The Carmen Thyssenn Museum features a permanent collection of historic art housed in a beautiful renaissance 16th Century building. There are a series of regular changing exhibitions of more modern art. Recent exhibitons at the time of writing include Man Ray photography and emerging modern art in Spain before the civil war in 1936.

If modern art is your thing, there is a small Pompidou centre down by the port of Malaga. This summer’s exhibition is Breton and surrealism.
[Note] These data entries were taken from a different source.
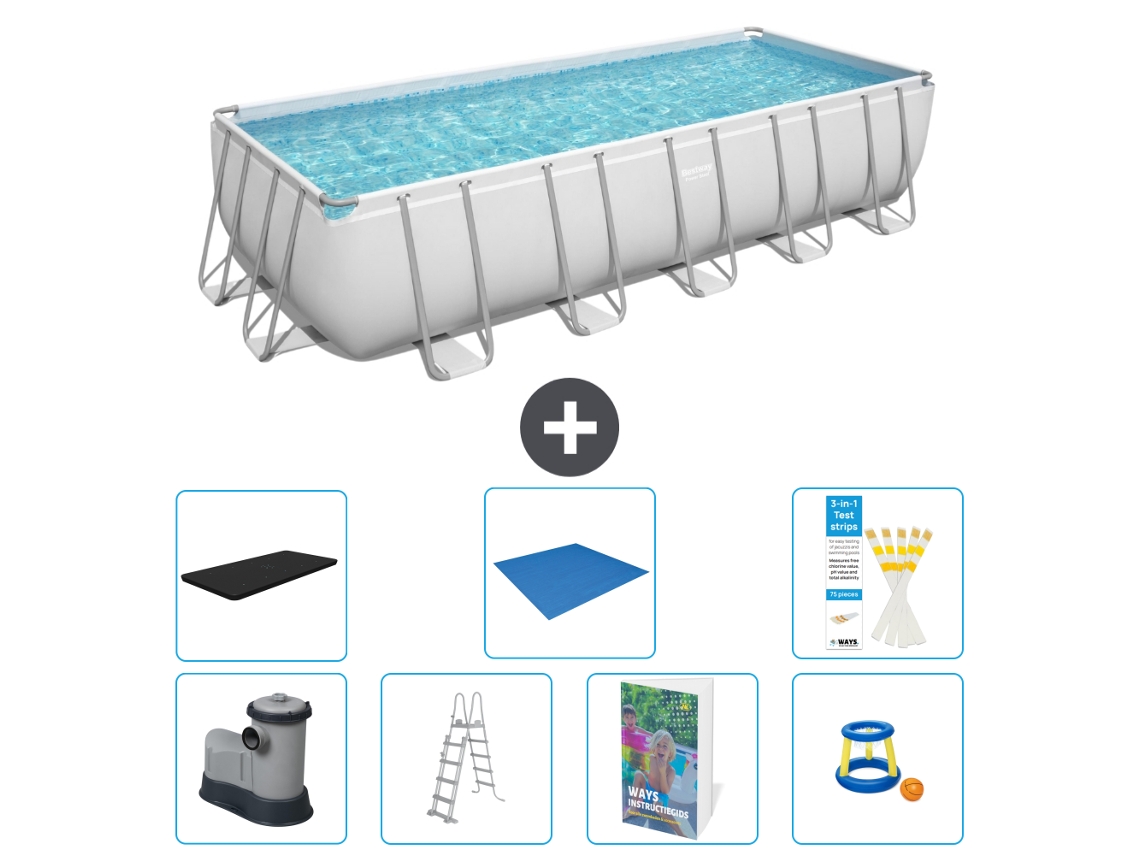 Bestway Piscina Bestway Power Steel Retangular - 640x274x132 Cm - 8-peças S568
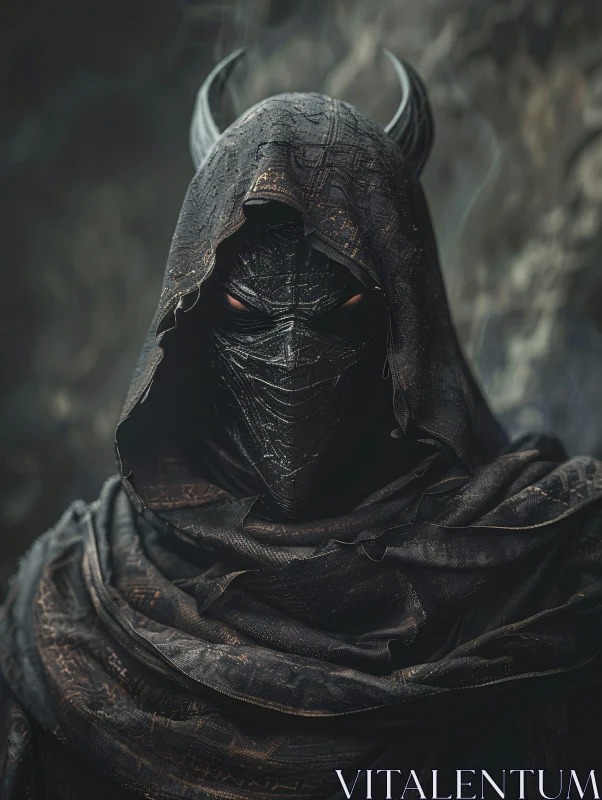 AI ART Mystical Demon in Hooded Cloak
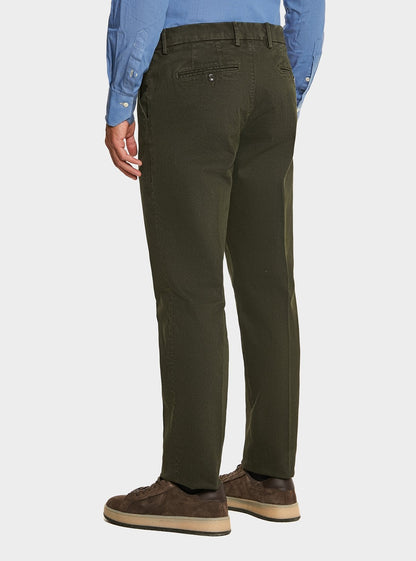 Pantalone tasca America in cotone stretch con microfantasia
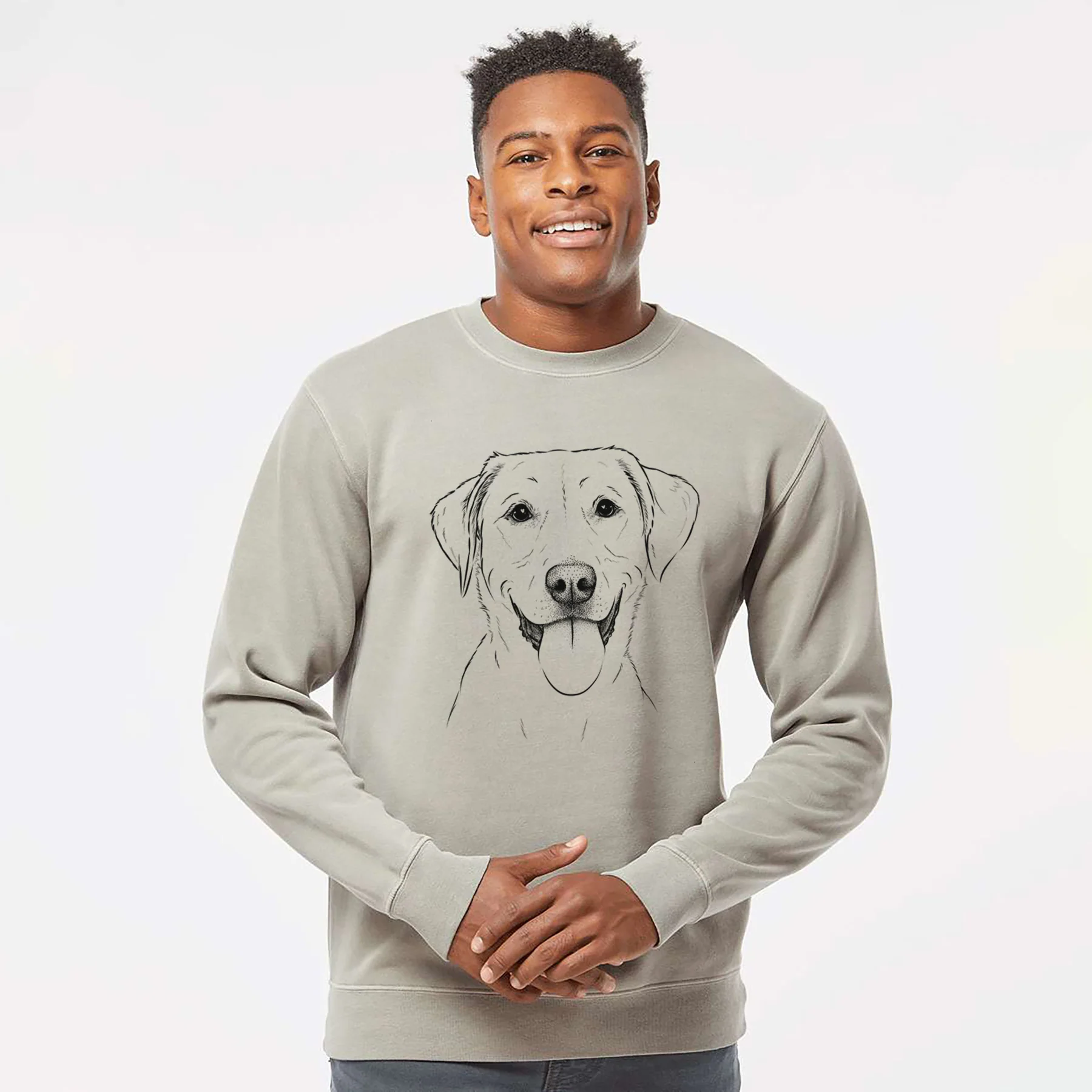 Bare Daisy the Labrador Retriever - Unisex Pigment Dyed Crew Sweatshirt - Image 4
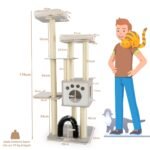 Daugiaaukštė katės draskyklė su guoliu ir lankeliu (Pilka)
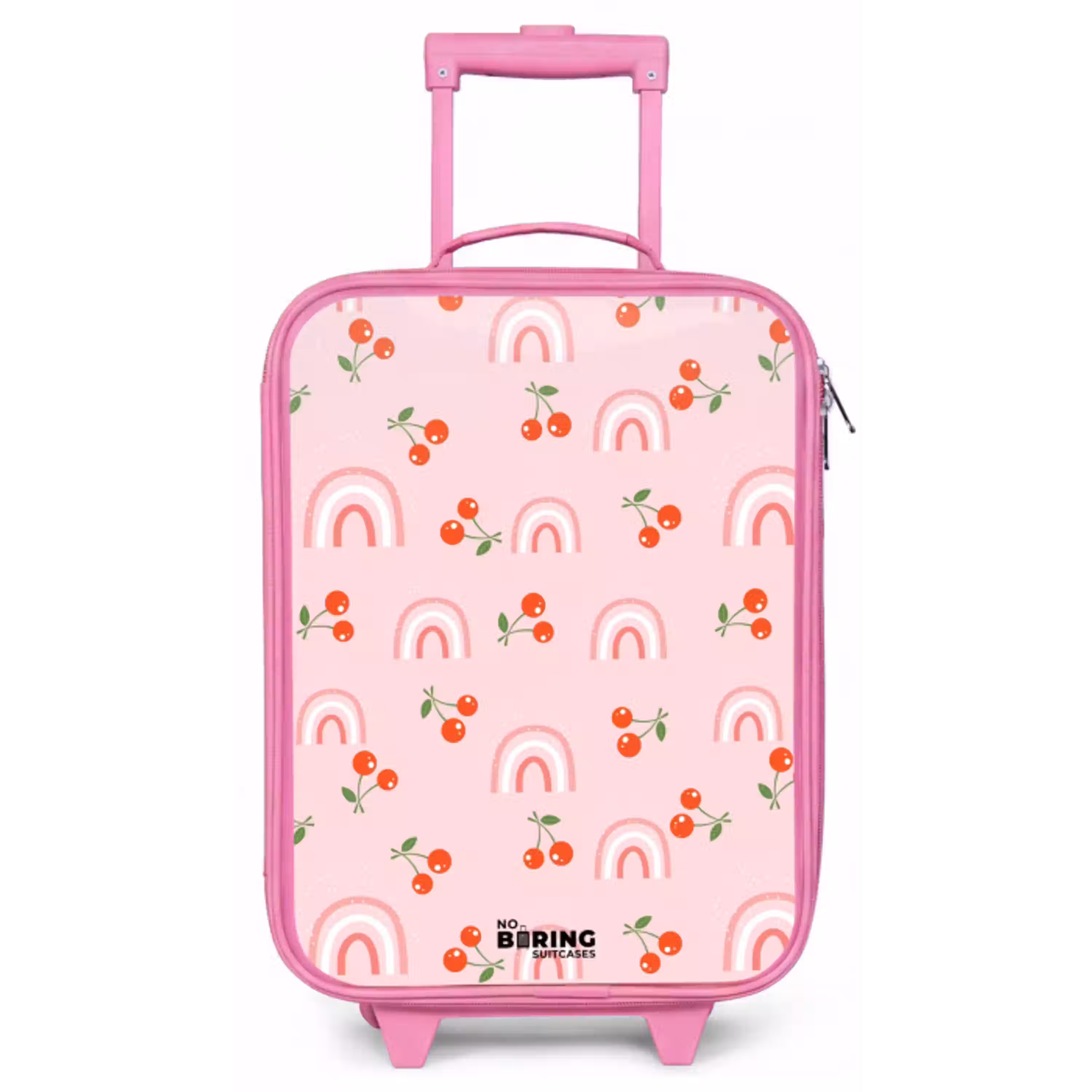 Roze met regenboog en kersen patroon Kinderkoffer - Roze klein -zz3dotto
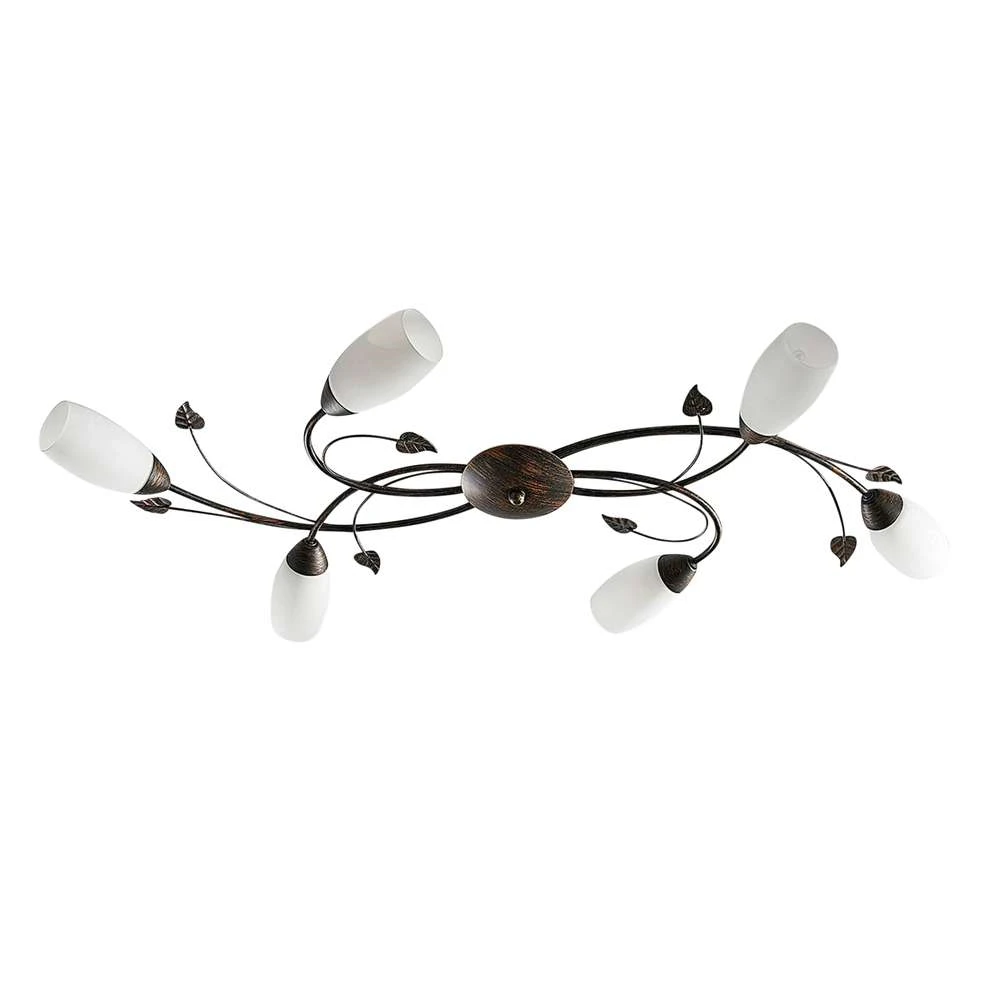 Stefania 6 Plafondlamp White/Black-Gold - Lindby - Koop Online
After all that sight seeing, culture and food, you might just need to relax? Book yourself into The Hammam Al Ándalus. These hammam baths are built on the site of an ancient 16th Century Roman baths and for 1.5 hours you can emerse yourself into the waters and have a deep or relaxing massage. Booking ahead during the busy summer season is advisable.

Shop.

The shops around the historic centre are a mix of traditional and modern. You’ll find shops dedicated to just hats, amazing food shops where you can choose the finest Iberico hams, or some very cool clothes & shoe shops. One of my favourite brands sold in independant shops in the UK is Paloma Nice Things but as it’s a Spanish label, there is a store in Malaga and it’s much cheaper to buy there than in the UK. We also visited Mosaico vintage shop and found a few bargains. there are several other vintage clothes shops if that’s your thing. Peninsula and Flamingo Vintage Kilo are two more and there are department stores and shopping centres further from the centre. As an antique dealer, I also try and find the local antique shops. Malaga has a couple but the best one,Antigüedades Los Remedios, was closed on my visit, even though it was supposed to be open, so I think opening hours are a bit hit and miss with the dealers here?

Eat.

I can honestly say we never ate a bad meal in Malaga. I don’t think you can go wrong with the Tapas particularly as competition is so fierce, they are all excellent and so reasonably priced. But some of the best meals we ate are below. Booking is highly recommended as these are very popular with locals and visitors to the city.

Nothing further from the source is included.